IT’S been a very busy first month for me as Minister for Primary Industries with some big issues to deal with, in particular, water – or lack of it.
It’s a tough time for many farmers, which is why I’ve declared a medium-scale drought throughout many parts of the North Island.
What this means is that extra government funding is now available to coordinate support through local organisations like the Rural Support Trusts.
They are able to sit down at the kitchen table with farmers and give practical guidance and support.
In severe hardship cases there will also be Rural Assistance Payments (RAPs) available.
Beef + Lamb New Zealand, Federated Farmers, DairyNZ and MPI are all providing good support to farmers with things like feed coordination services.

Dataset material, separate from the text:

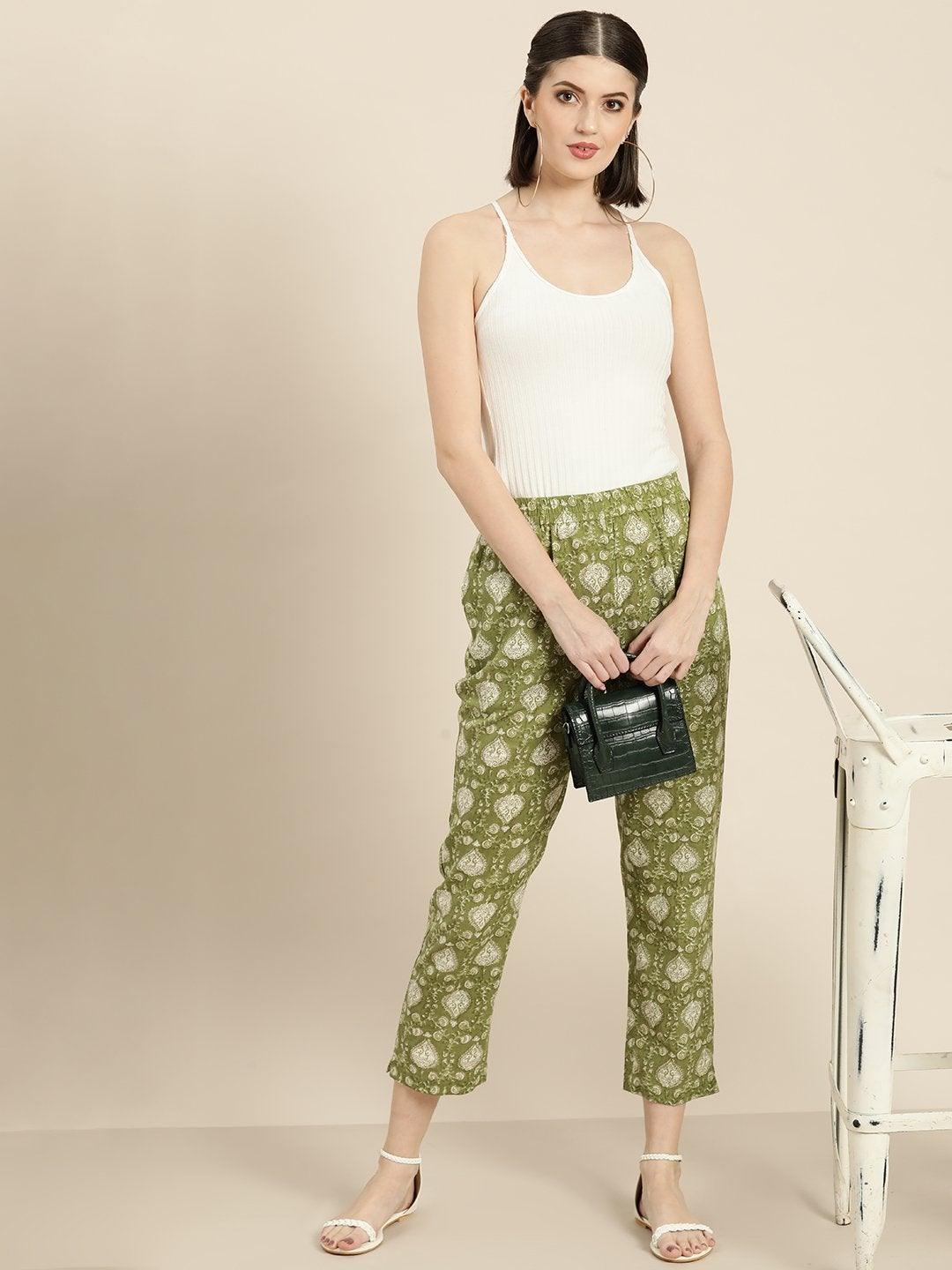 Women's Green Floral Straight Pants - SASSAFRAS - Indiakreations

Support is available from government agencies in all regions, even without a drought declaration.
Farmers should contact Inland Revenue if they need help or flexibility with making tax payments, and standard assistance is available from the Ministry of Social Development.

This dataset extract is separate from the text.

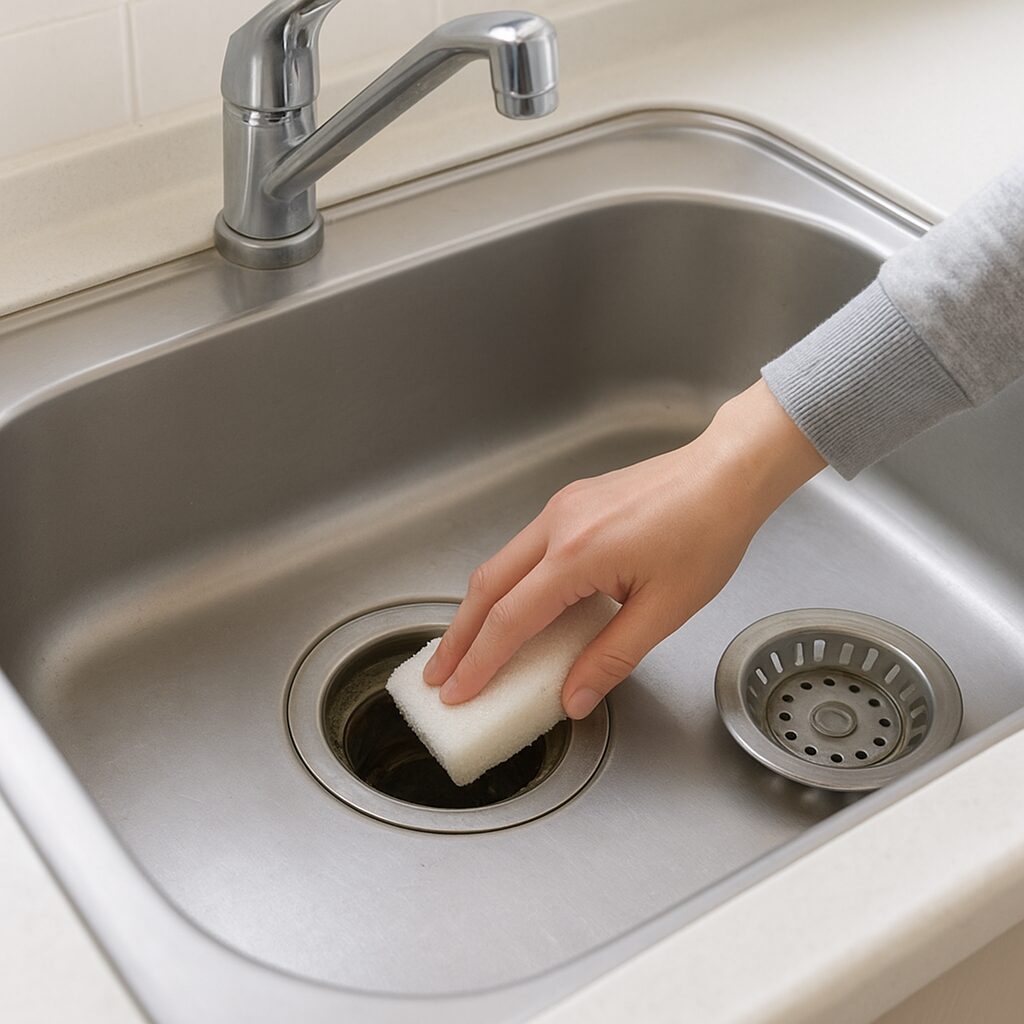 ぬめりのない清潔なキッチンの排水口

Most farmers are resilient and are prepared for dry spells, but it’s important to ask for help when needed.
I’ve visited several farms around the North Island recently to see the dry conditions for myself.
I have also visited the sites of potential irrigation projects in Central Hawke’s Bay and in Canterbury, which could help in future dry spells like this one.
As a country New Zealand doesn’t have a shortage of water, it’s just it often falls in the wrong places at the wrong times.
This is why the Government has signalled about $400 million towards regional-scale schemes to encourage third-party capital investment.
A few weeks ago I announced that experienced director Alison Paterson will oversee the establishment of a new Crown company to invest in these projects.
The new company will be established on July 1 and will act as a bridging investor for regional projects, with $80 million to be set aside in this year’s Budget.
Done properly, this has the potential to deliver a major boost to our primary industries.
FRONTING UP: Primary Industries Minister Nathan Guy, with farmer David Meads, faces media after declaring Northland a drought zone. Mr Guy says the Government is investing about $400 million in irrigation projects.